At the end of the unit students should be able to:

• understand basic concepts of optimisation;
• formulate practical linear problems mathematically, starting from the verbal description;
• understand the theory underlying the simplex method, including the theory of convex sets;
• solve "small" linear problems by the simplex method;
• prove correct the solution obtained to a "small" problem, without appealing to the simplex method;
• exploit duality in linear problems, understand the concept of sensitivity;
• find local optima of explicitly given functions of several variables, with or without constraints;
• identify convex and concave functions, understand their maths and relevance to optimisation;
• understand how the Kuhn-Tucker conditions wrap up the theoretical basis for the unit;
• interpret the results of an optimisation calculation in terms of the original practical problem.

Transferable Skills:

This is an eclectic course with relevance to a wide spectrum of Maths. Intelligence and imagination; mathematical formulation of complex "real-world" problems that are presented in continuous prose; communication to non-mathematicians of the results of a mathematical investigation.

Teaching Information

Lectures; discussions in Problems classes. Homework will be of critical importance and an average student is expected to invest some 5 hours a week into it. There is a lot of software, designed for optimisation, some being available online, yet using it is not part of the course. Students are expected to do independent study and reading.

Assessment Information

The final assessment mark for the unit is calculated 100% from a standard rubric examination in April. This means a 2½-hour written exam consisting of FIVE questions; your best FOUR will be counted towards the exam mark. Candidates may bring one A4 double-sided sheet of notes into the exam. Calculators of an approved type (non-programmable, no text facility) are permitted in the examination.

Reading and References

There will be no regular printed notes distributed, yet the course is accompanied by a series of handouts which address the majority of the difficult issues involved.

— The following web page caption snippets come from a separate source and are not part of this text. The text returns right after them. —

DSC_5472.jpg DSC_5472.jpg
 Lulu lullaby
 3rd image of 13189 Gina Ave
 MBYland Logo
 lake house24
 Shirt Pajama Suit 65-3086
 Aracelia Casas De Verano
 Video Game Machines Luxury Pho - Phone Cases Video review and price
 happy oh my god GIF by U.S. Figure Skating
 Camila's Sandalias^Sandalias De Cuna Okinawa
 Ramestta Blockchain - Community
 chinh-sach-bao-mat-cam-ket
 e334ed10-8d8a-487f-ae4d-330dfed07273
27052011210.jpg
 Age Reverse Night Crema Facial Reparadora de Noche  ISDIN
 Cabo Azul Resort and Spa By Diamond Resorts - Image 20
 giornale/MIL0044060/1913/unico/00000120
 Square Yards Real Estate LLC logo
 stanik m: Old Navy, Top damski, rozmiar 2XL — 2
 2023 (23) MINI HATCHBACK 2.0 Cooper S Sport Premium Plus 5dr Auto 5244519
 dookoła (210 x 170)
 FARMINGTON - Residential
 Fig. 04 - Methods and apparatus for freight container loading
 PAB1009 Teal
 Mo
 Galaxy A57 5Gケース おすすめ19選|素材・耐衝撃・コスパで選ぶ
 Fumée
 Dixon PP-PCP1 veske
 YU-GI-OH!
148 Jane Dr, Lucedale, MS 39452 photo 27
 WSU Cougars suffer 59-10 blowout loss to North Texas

The unit is not based on a single book, and there is no mandatory text. However, the following books are highly recommended. There are many other texts covering various parts of the unit: try browsing in the shelves QA402 and T57 in Queen's Building Library. They can be used to get different perspectives on the material covered.

• J.N. Franklin, Methods of Mathematical Economics: Linear and Nonlinear Programming, Fixed-Point Theorems (recently published as SIAM Classics in Applied Mathematics 37). Excellent book, though sometimes quite advanced. Best for theory. However, the simplex method per se within the unit's limits would be more accessible elsewhere.
• W. L. Winston, Introduction to Mathematical Programming (on reserve in the Library). Parts of chapters 3, 4, 5, 6, 12 are relevant to this unit. An antipode to Franklin's book, designed for MBA's. Much of this book is at the easy level for the theory, and it has many examples.
• H.P. Williams, Model Solving in Mathematical Programming (on reserve in the Library). Clearly written, covers in detail the "linear" part of the course and goes on to more advanced material.
• E.M.L. Beale, Introduction to Optimization (Wiley). Brief, clear, covers a good deal of the course.
• R. Hartley, Linear and Nonlinear Programming. More detailed than Beale, but does not cover so many topics.
• G.R. Walsh, An Intorduction to Linear Programming. The title is self-explanatory, the book has a good level of detail and complexity. Among other things, it contains a good exposition of the Ellipsoid algorithm, which however is beyond the unit's scope.